GOOD DAYS AND BAD DAYS
Just a few days before Valentine’s Day, I read a heartwarming story on the front page of the Chicago Tribune. In the Saturday, Feb. 11, 2012, edition, the story was about a flower shop that employs people with mental health issues. It was an excellent story, but, it has left me with the same feelings of disquiet that follow me like a dark cloud most of the time.
It was a story about hope, encouragement and possibilities for those who need all of that and more. Yet, my heart hurt after reading it.
I have written before about sharing one’s diagnosis with family, friends, co-workers and one’s boss. I have shared my deep feelings regarding secrecy feeding stigma. I have shared the harm that may come from telling all. I have shared the good that may come from telling all.
This particular story about flowers, Valentine’s Day and hope had the courage to reveal both sides of that coin: to tell or not to tell. The manager of the shop stated that his clients “don’t have a clue” about his employees.
“The manager would prefer that the flower shop be known for creativity or service rather than the fact that all but one employee has an illness such as bipolar disorder or schizophrenia,” the story read. The article quoted this wonderful man with a heart full of compassion, saying “People might think they’ll just get some daisies shoved in a vase…”
The truth hit me in the face. It really isn’t anyone’s business who the employees are at this shop. They are real people with real lives who want to be like everyone else. Not telling is the best way to go for this establishment. If his clients “knew” his employees lived with brain disorders they might stop frequenting his shop. They might feel like the bride who was nervous about trusting people with mental illnesses with the centerpieces for her wedding.

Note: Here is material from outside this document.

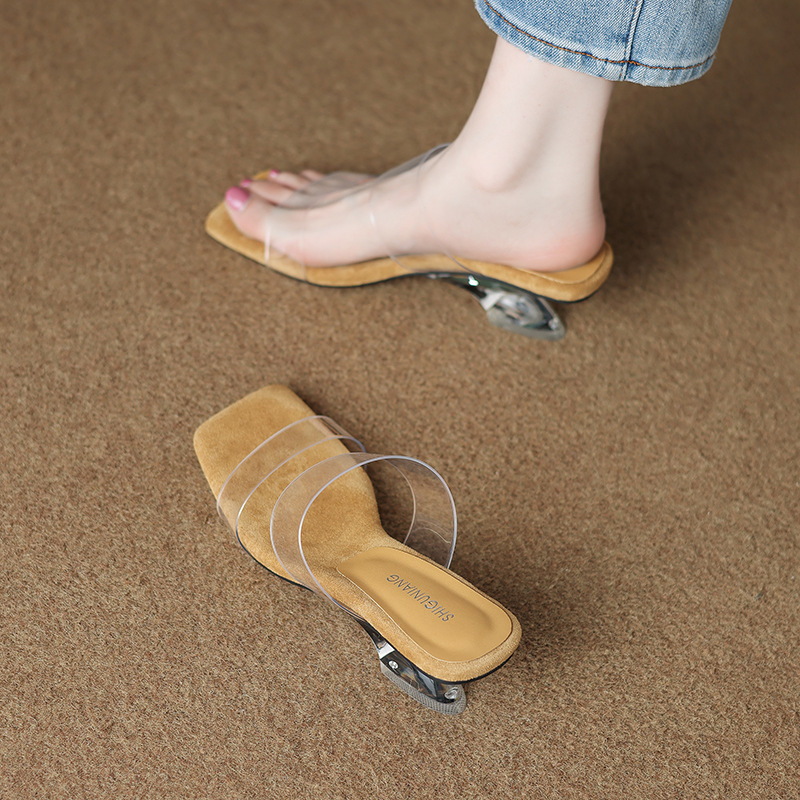 Sandals, new transparent crystal shoes, cool slippers, fashionable high heels for outdoor wear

I felt like crying. This bride is really no different from any other person who has little understanding of mental illness. She was scared for herself and of “them.” She did not want her wedding ruined by these people.
Further in the story, Mark Williams of Disabilityworks said, “Because of the stigma, job applicants with these diseases have a much harder time than those who are blind or in a wheelchair.” Again, I felt like crying. The truth can hurt.

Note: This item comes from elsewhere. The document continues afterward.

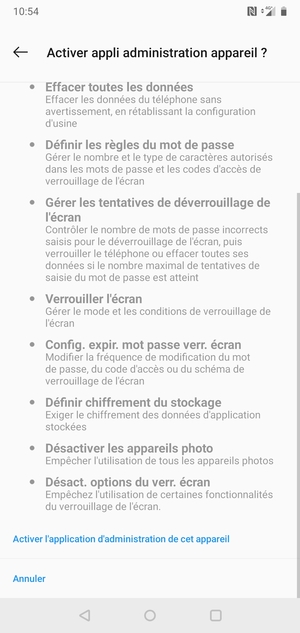 Faites défiler et sélectionnez Activer l'application d'administration de cet appareil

The manager of the flower shop shows his compassionate understanding of his employees needs by offering them the ability to “call in sick without fear of disciplinary action or pink slips.” While on the job, if symptoms flare up, he will say, “go for a walk … or, tomorrow is another day.”
The truth, as we know, is that pink slips and disciplinary actions are far too frequent in the real world of work. Those who do not understand mental illness can be a harsh judge and jury for those in need of understanding and awareness.

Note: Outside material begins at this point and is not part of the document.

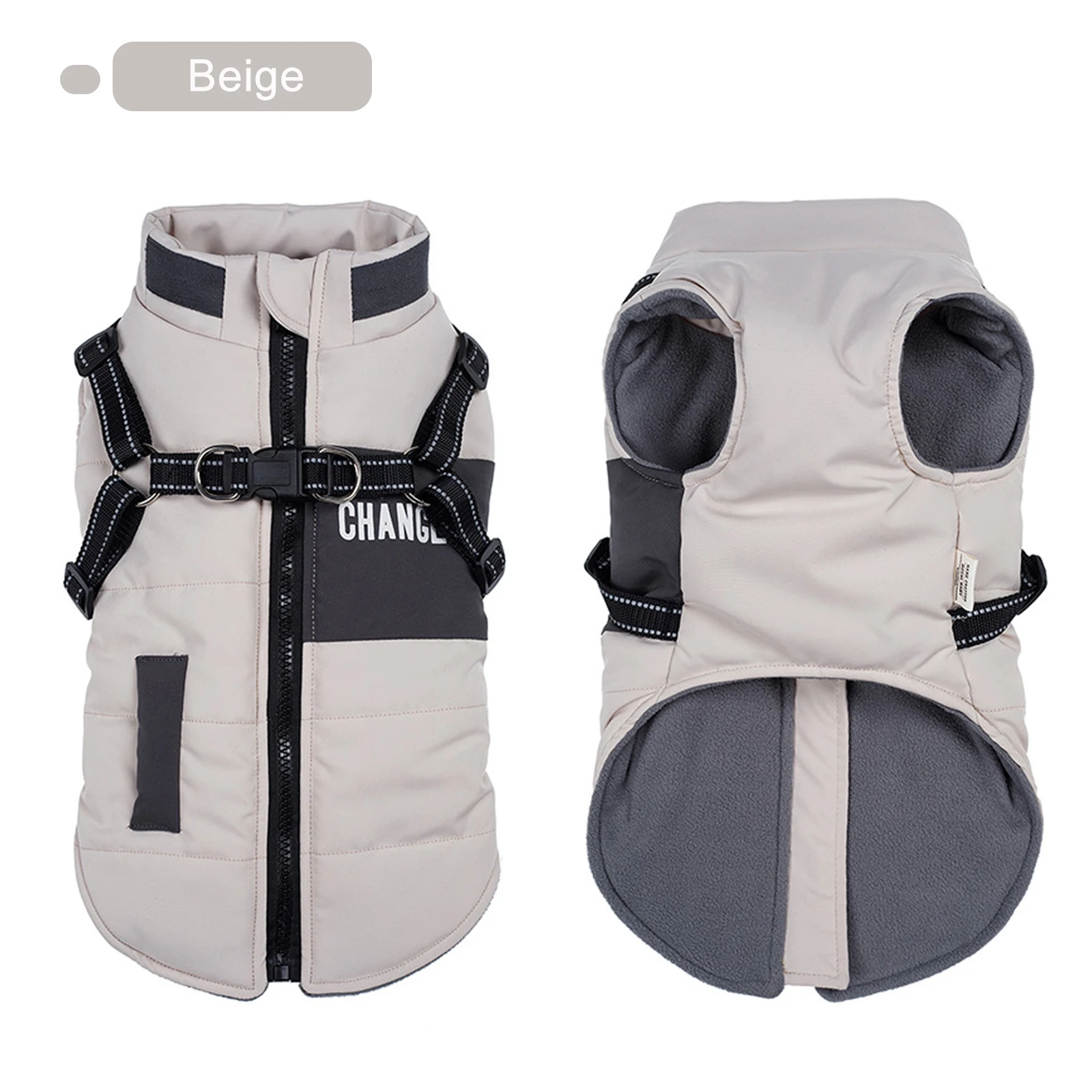 Ropa de invierno para perro, chaqueta cálida con arnés, impermeable, abrigo para cachorro de Bulldog Francés, Labrador, Chihuahua, trajes para perros pequeños y medianos - imagen 5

Again, I felt like crying. Why can’t all (or most) employees, managers, colleagues, coworkers, friends and family become educated for the good and welfare of all? Why must people who just want to be like everyone else be stigmatized by ignorance?
The mission and vision of Rebecca’s Dream is to continue to inform and educate the public so that stigma will diminish over time.
As the manager of the flower shop said when he first began working there, he had scant knowledge of mental illness and was a little concerned for his safety. Now he says, “People just don’t understand … that these are just normal people, except with good days and bad days.”
That is the truth. Good days and bad days. We all have good days and bad days, and we all need compassionate understanding.
My wish for the wonderful manager at the flower shop: may all your days be filled with roses. You are a person of great humanity.
My dream for all who live with a mood disorder: may your story no longer be front-page news because you are not newsworthy. You just are living the best life you can while being accepted and understood by all people of great humanity.